*DIRECTIONS FOR THIS TASK*
Copy exactly. Begin at the line containing "Œuf vibrant connecté Tokyo Rose — ONINDER" and stop at the last line of the entries, omitting any pictures.
Segment Start: SUPPLIED DATA
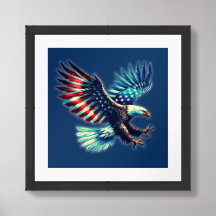 Patriotic American Eagle Red White Blue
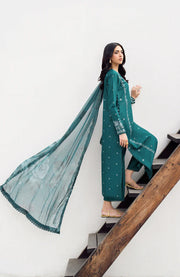 Zarif - Nura Textured Lawn'25 By Zarif Embroidered Suits Unstitched 3 Piece - Summer Collection - aubranz.com
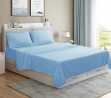 MOONCAST 4 Pieces Queen Bed Sheet-Extra Soft and Hotel Luxury Feeling-Durable Machine Washable Micro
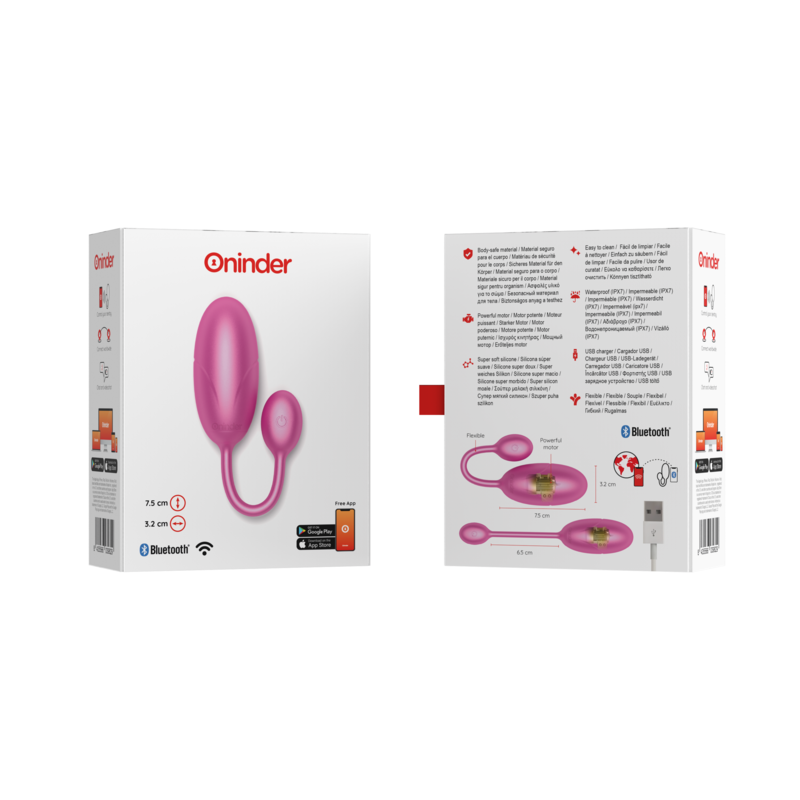 Œuf vibrant connecté Tokyo Rose — ONINDER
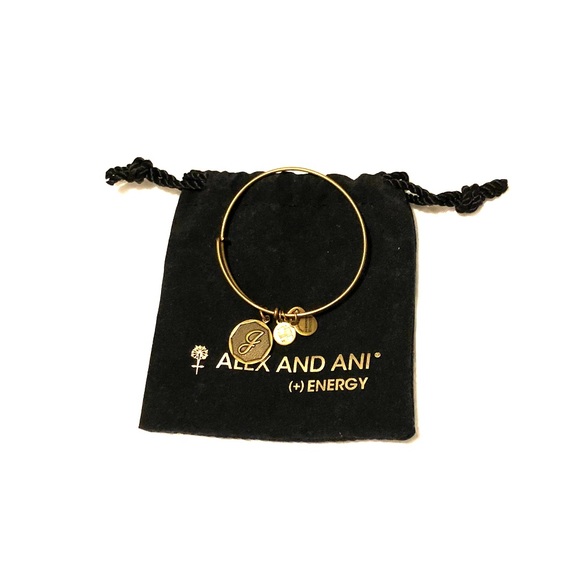 Alex and Ani Jewelry - Alex and Ani J Initial Bangle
Segment End: SUPPLIED DATA
*ANSWER TO THE EXERCISE*
 Œuf vibrant connecté Tokyo Rose — ONINDER
 Alex and Ani Jewelry - Alex and Ani J Initial Bangle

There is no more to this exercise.